SUPPLIED DATA —
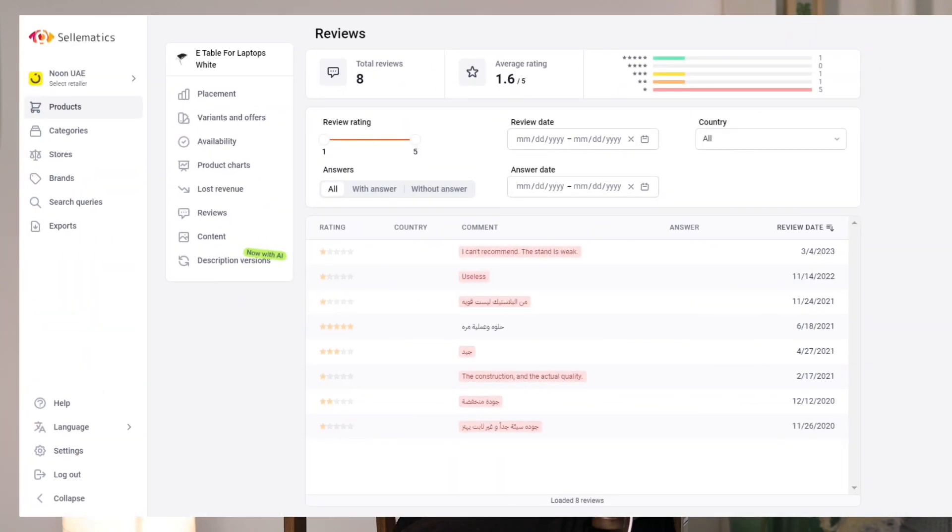When choosing products with low ratings, you need to understand why the rating is so low. A low rating typically means the product did not meet customer expectations. You need to analyze exactly what went wrong — it could be the content, it could be the product quality — and be very transparent about that.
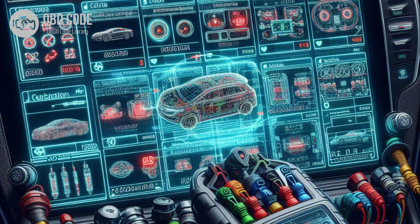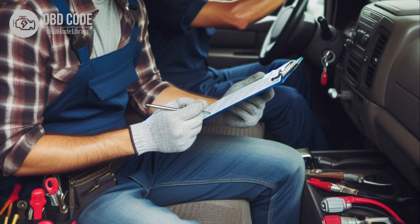If the battery or PCM has been recently replaced, ensure that the PCM was properly programmed and that there were no interruptions during the programming process. Perform a PCM reset procedure as outlined in the vehicle service manual to clear the ROM error and allow the PCM to reinitialize.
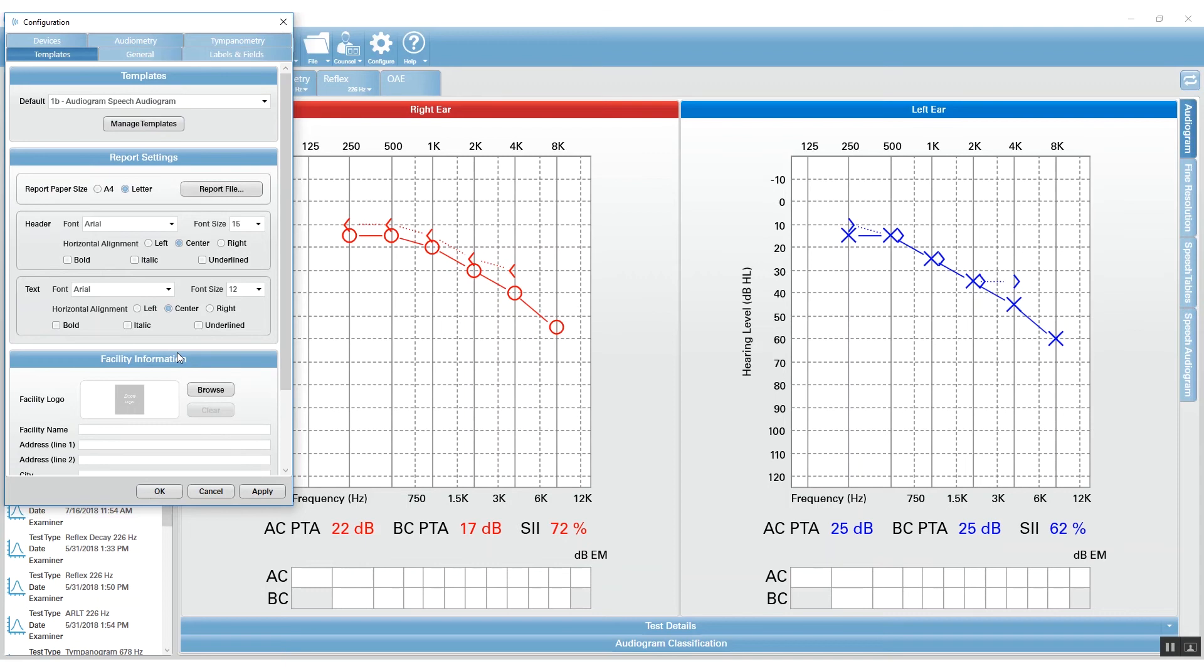...then you can move on to managing the templates and figuring out how you want your report template to look for your practice.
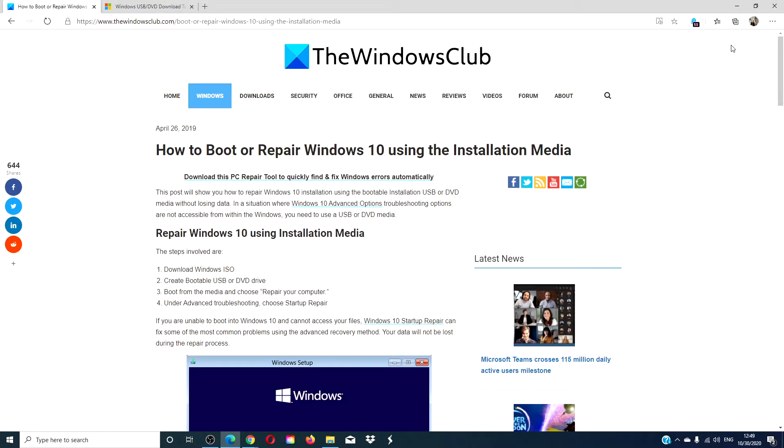Hello Windows Universe! In this video we will look at how to boot or repair Windows 10 using the installation media. For a more in-depth look at this topic we will link an article in the description down below that will go more into depth.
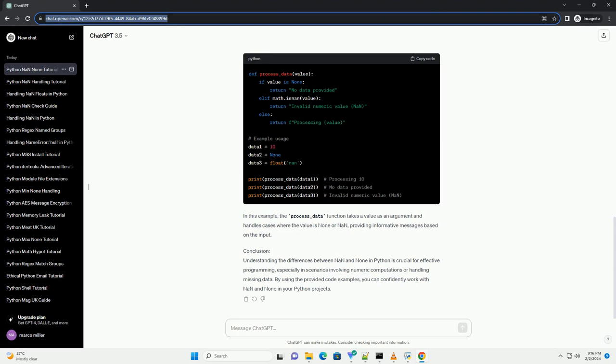In the example above, we create a NAN value using float NAN and check for NAN using the math.isNAN function. Operations involving NAN typically result in NAN.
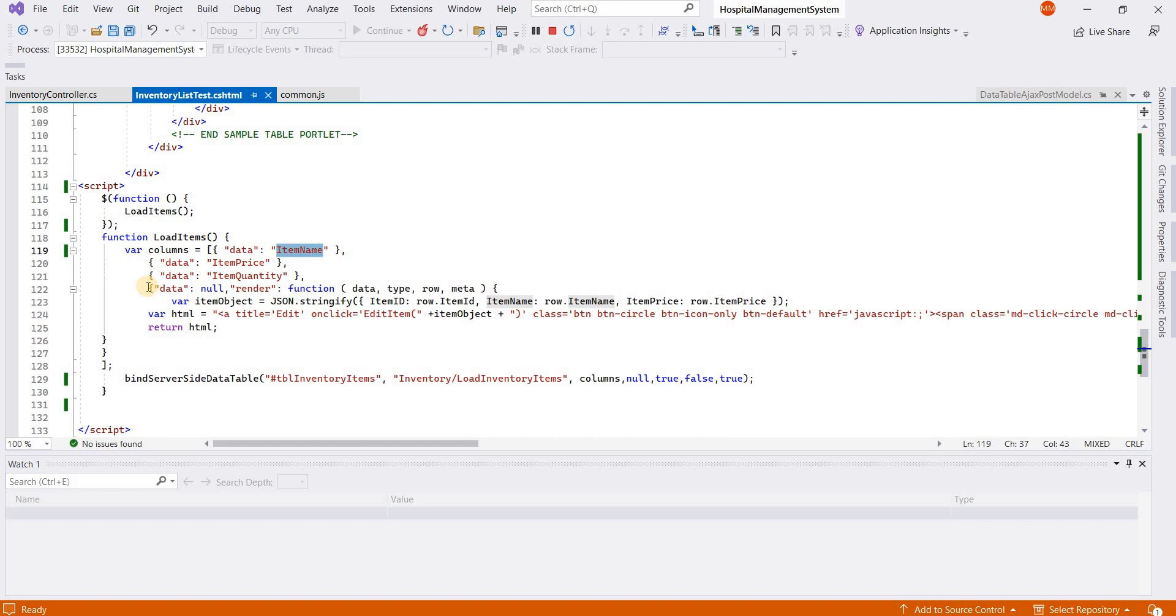We can add custom HTML to any column in DataTable using the render function. I have added this HTML in the fourth column.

PROBLEM DESCRIPTION — Each line of the data is to be duplicated exactly; pictures stay out of the copy.

RESPONSE TO THIS TASK —
When choosing products with low ratings, you need to understand why the rating is so low. A low rating typically means the product did not meet customer expectations. You need to analyze exactly what went wrong — it could be the content, it could be the product quality — and be very transparent about that.
If the battery or PCM has been recently replaced, ensure that the PCM was properly programmed and that there were no interruptions during the programming process. Perform a PCM reset procedure as outlined in the vehicle service manual to clear the ROM error and allow the PCM to reinitialize.
...then you can move on to managing the templates and figuring out how you want your report template to look for your practice.
Hello Windows Universe! In this video we will look at how to boot or repair Windows 10 using the installation media. For a more in-depth look at this topic we will link an article in the description down below that will go more into depth.
In the example above, we create a NAN value using float NAN and check for NAN using the math.isNAN function. Operations involving NAN typically result in NAN.
We can add custom HTML to any column in DataTable using the render function. I have added this HTML in the fourth column.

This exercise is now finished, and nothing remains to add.